No, this is not 1990 again. But there are uncomfortable parallels, chiefly that we’re living in a liminal space. We’re told - and I have no reason to doubt - that the series’ future, and the specific form it takes and the specific point at which it returns, depends in part on the reception of upcoming spin-off The War Between The Land and the Sea, and in any case cannot be taken until after it even if it doesn’t. “The TARDIS is not going anywhere” is the standard quote being rolled out by BBC bigwigs when people question if and when Doctor Who will come back. Which if nothing else, is an appropriate thing to say while we all wait for a spin off from Doctor Who And The Silurians. But it’s a bit too close to all those bromides from the early Major government for comfort. At least if you’re a fan of a certain age. If you are, like me, someone who never grew out of Doctor Who, because it was taken away before I had the chance.3
I claim no knowledge of anything other than publicly available material.
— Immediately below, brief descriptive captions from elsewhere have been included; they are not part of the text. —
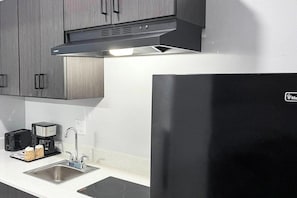 Une cuisine équipée d’appareils électroménagers en acier inoxydable, d’un évier et d’une machine à café.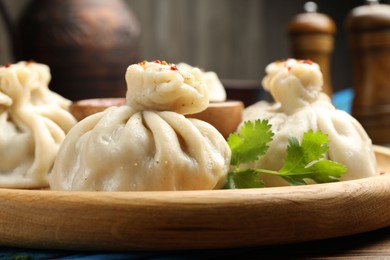 Photo of Delicious khinkali served with sauce on wooden plate, closeup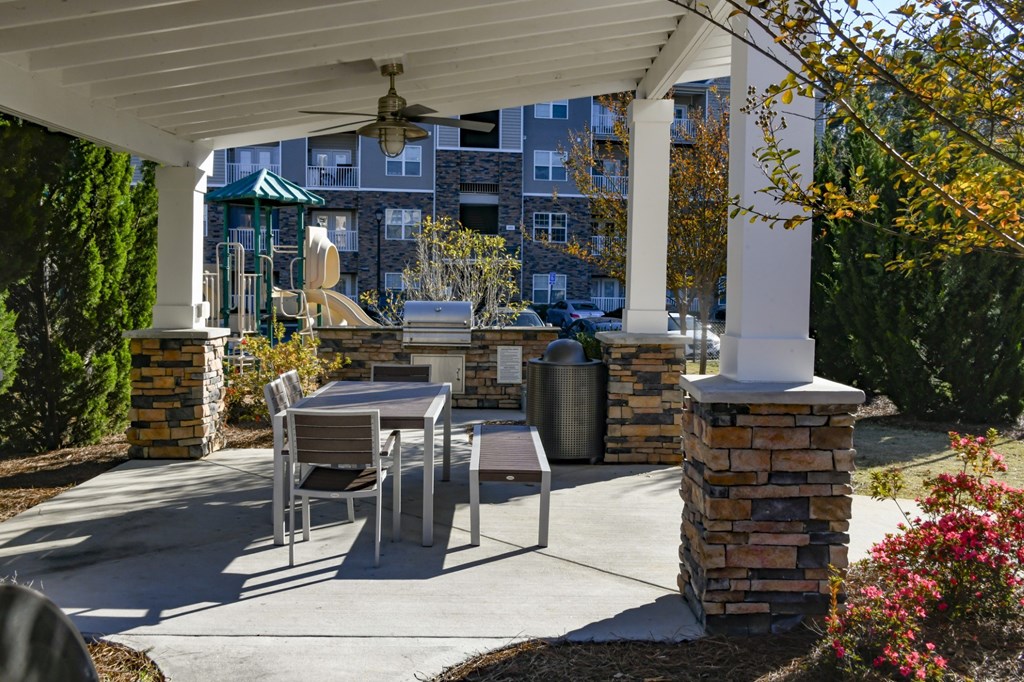 A patio with a table and chairs under a roof.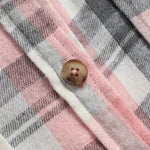 Plaid shirt fabric detail with brown button and white contrast trim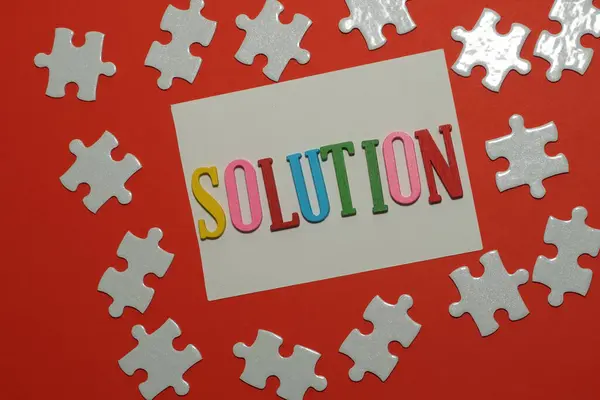 Solution Word Jigsaw Puzzle Red Background — Stock Photo, Image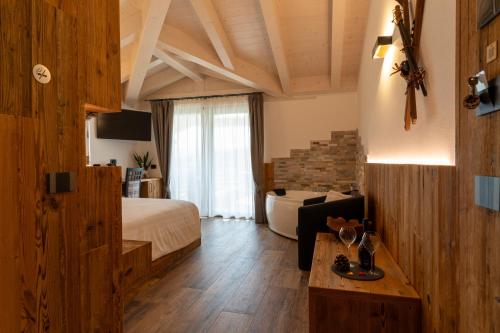 a hotel room with a bed and a couch at Fai le Coccole in Fai della Paganella
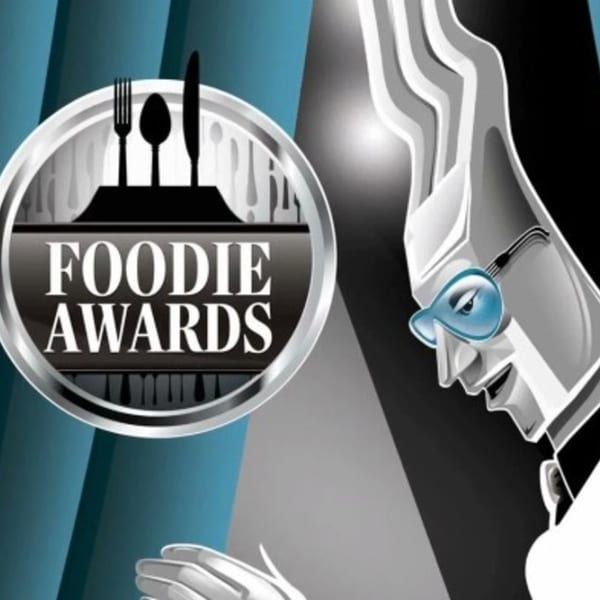 Foodie Awards logo with fork, spoon, and knife, next to a chef character.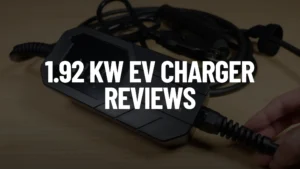White text "1.92 kW EV CHARGER REVIEWS" over a blurred background showing James holding a connector on a black 1.92 kW Megear Skysword II EV Charger with coiled cables on a wooden surface.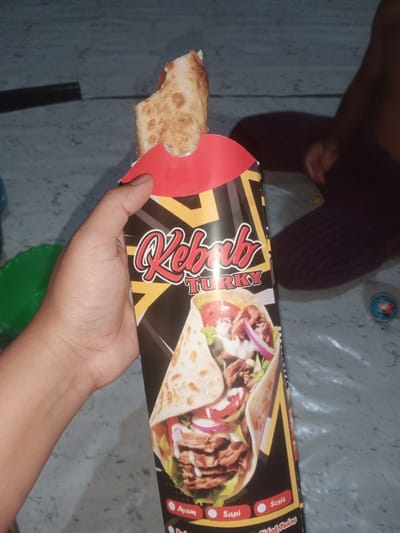 A person's hand holds a kebab in a red and black cardboard wrapper, featuring an image of a kebab on the front. The wrapper has "Kebab Turky" written in large red lettering with a yellow outline. The kebab itself appears to be a wrap containing meat, vegetables, and sauce. The background is a gray, textured surface, possibly a floor or ground, with a blurred dark purple shape in the upper right corner, which appears to be a person sitting. A green circular object is visible on the left. The image is taken from a slightly elevated, close-up perspective. The location is specified as Cotseutui, Indonesia, although this context is not visually evident in the image itself.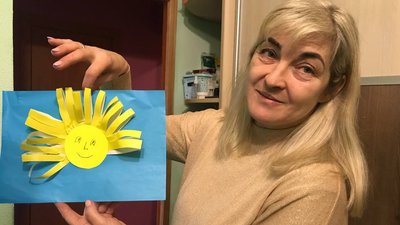 Мати показує одну із творчих робіт сина Мати показує одну із творчих робіт сина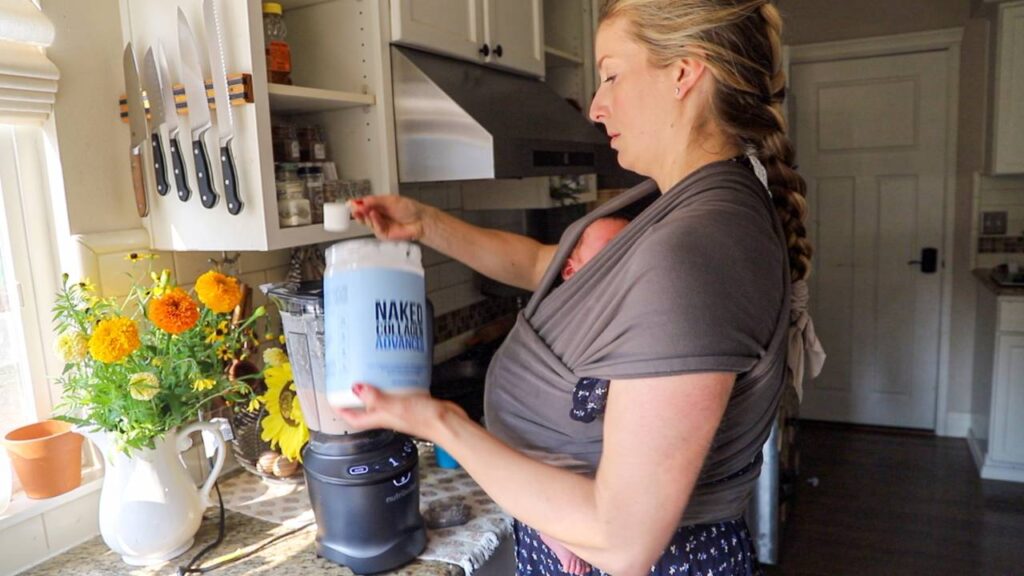 Mom wearing baby in wrap while scooping collagen powder into blender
Literally everything I say about now, rather than then, may be wildly, laughably wrong. But I can’t help but feel that the crucial difference between 1990 and now is that now the BBC wants to make Doctor Who. That it is circumstances, fundamentally, that have taken the programme away from us and indeed from them. Whereas the last time we were in this position, BBC Drama was rebuffing, ignoring and ghosting approaches from the co-producers it was also publicly saying it would encourage. To the extent that in 1992 BBC Head of Drama Peter Cregeen wrote to Philip Segal, later the producer of the 1996 Doctor Who TVM, to explain that his proposals were not being looked at in any depth because the BBC still thought it “premature” to bring back Doctor Who and could he please just leave him alone for a minute to concentrate on important things like Trainer, thank you very much and bye.
The impression one gets now is that if there was a way to throw together a Christmas special, BBC One would bite your hand off. But again, we’re rapidly approaching a point where surely they need to start making the series in short order if it’s going to be back by next Christmas and as such it feels inevitable that we are a couple of months away from the start of another year that never was.
When I was 17 I broke my left ankle. When I was 18 I broke my right. I remember, on the latter occasion, lying there in the dark, my foot in a pothole and very much at the wrong angle to my leg, and a part of my brain managing to think, between the surges of agony, “This is exactly what it felt like last time. I couldn’t remember until now.” I cannot, of course, remember exactly what it felt like on either occasion anymore, and it’s not the passage of thirty years that has done this. There are feelings your brain won’t permit you to remember unless you’re re-experiencing them anyway.
And I’m remembering one of them now.